10gen, creator of MongoDB announced the availability of version 1.0 of the MongoDB-Hadoop connector.

The core feature of the Connector is to provide the ability to read MongoDB data into Hadoop MapReduce jobs, as well as writing the results of MapReduce jobs out to MongoDB. Users may choose to use MongoDB reads and writes together or separately, as best fits each use case. Our goal is to continue to build support for the components in the Hadoop ecosystem which our users find useful, based on feedback and requests.

For this initial release, we have also provided support for:

writing to MongoDB from Pig (thanks to Russell Jurney for all of his patches and improvements to this feature)

writing to MongoDB from the Flume distributed logging system

using Python to MapReduce to and from MongoDB via Hadoop Streaming.

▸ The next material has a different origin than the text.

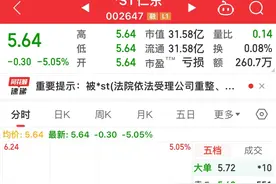 重整获得受理股票一字跌停，仁东控股7万股东懵了，有的已亏92%图片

Though it is quite early in it’s evolution, an exciting possibility this introduces is to write MapReduce scripts for MongoDB using Hadoop Streaming. This was surely an important part and as they explain, the toughest part of the connector:

Hadoop Streaming was one of the toughest features for the 10gen team to build. To that end, look for a more technical post on the MongoDB blog in the next week or two detailing the issues we encountered and how to utilize this feature effectively.

We are really looking forward to using the connector. The ability to use MongoDB as a document store and write MapReduce scripts to process them sounds like a promising capability!